*EXERCISE INSTRUCTIONS*.
Below is a listing with pictures in it. Copy it exactly without them.

*DATA RECORDS*.
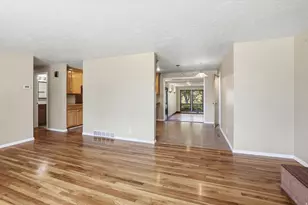 516 N 200 E, Brigham City, UT 84302 - Photo 7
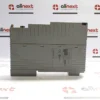 Yokogawa CP401 Processor Module CP401-10 S1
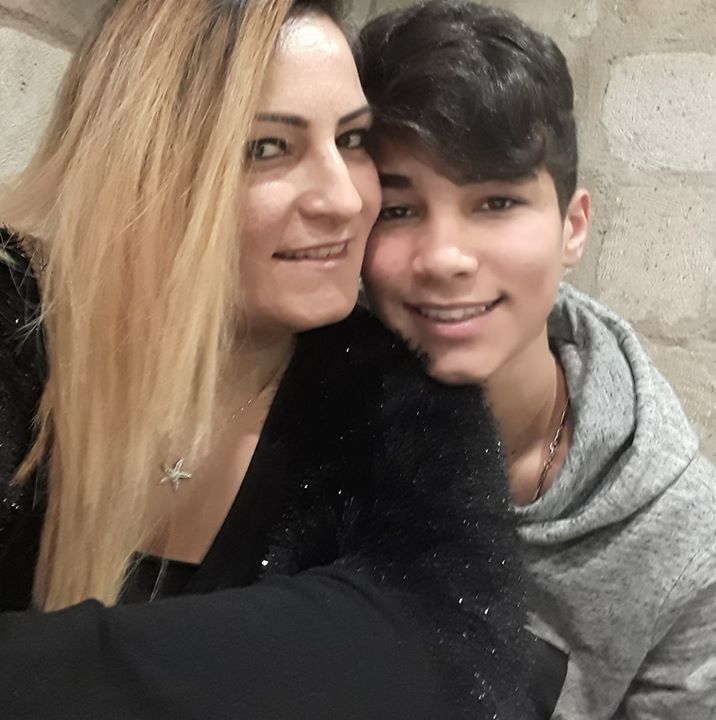 Esma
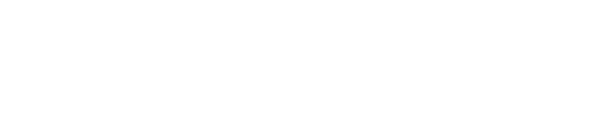 Synth Space between 3 130 - 130 bpm Trap loop by Dj4Real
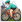 WhatsApp_mountain-bicyclist_emoji-modifier-fitzpatrick-type-1-2_36b5-33fb_33fb_mysm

*ANSWER TO THIS TASK*.
 516 N 200 E, Brigham City, UT 84302 - Photo 7
 Yokogawa CP401 Processor Module CP401-10 S1
 Esma
 Synth Space between 3 130 - 130 bpm Trap loop by Dj4Real
 WhatsApp_mountain-bicyclist_emoji-modifier-fitzpatrick-type-1-2_36b5-33fb_33fb_mysm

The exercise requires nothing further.